◆ TO DO:
Extract the line that contains "Interruptor tranquilo de" and every line after it through the end of the records below, exactly as written, leaving out any pictures.

● ● ●

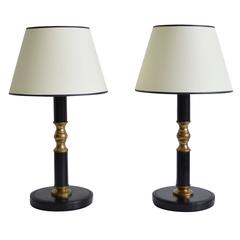 Pair of Black Leather and Brass Lamps by Jacques Adnet 7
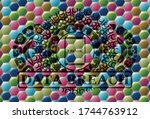 Ebook icon and data breach text Colorful candy multicolored emblem.Hexagon chic background. Intense illustration. 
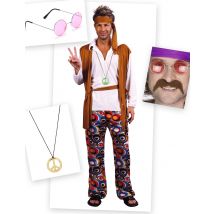 Pack Déguisement Hippie Homme - Thème: Fête À La Plage - Couleur: Coloré - Taille: Taille Unique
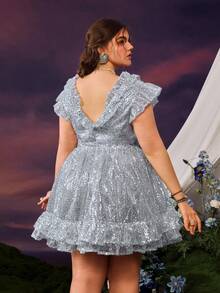 Faeriesty Elegant Sparkling Short Sleeve Dress With V-Neck, Ruffled Collar, Oversized Bow Detail For Wedding Photoshoot, Garden Ceremony, Outdoor Engagement - Silver - View 1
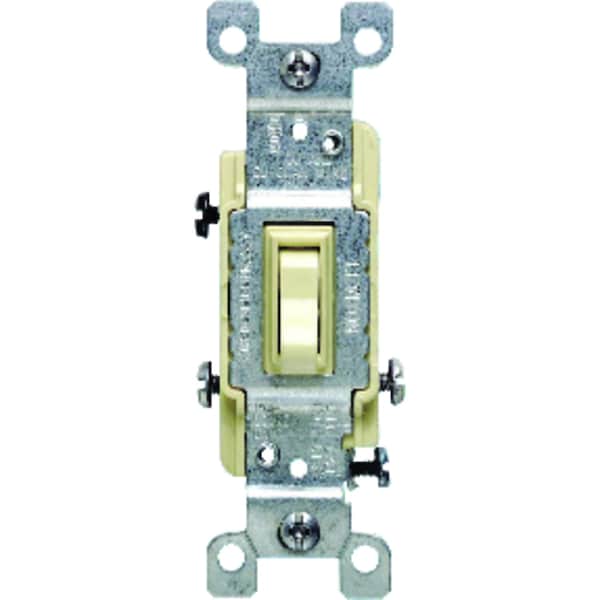 Interruptor tranquilo de palanca de tres polos Leviton de 15 amperes en marfil - 01453-02I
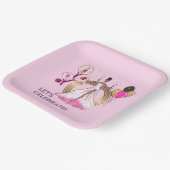 PADEL PLATE: CELEBRATION PADEL DIVA BRIGHT PINK PAPIEREN BORDJE (Gebogen)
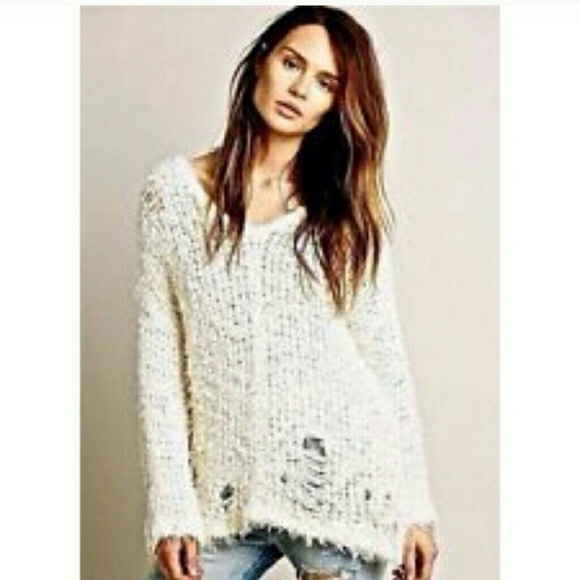 Free People Ivory Distructed Loose Knit Sweater (M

● ● ●

◆ EXERCISE ANSWER:
 Interruptor tranquilo de palanca de tres polos Leviton de 15 amperes en marfil - 01453-02I
 PADEL PLATE: CELEBRATION PADEL DIVA BRIGHT PINK PAPIEREN BORDJE (Gebogen)
 Free People Ivory Distructed Loose Knit Sweater (M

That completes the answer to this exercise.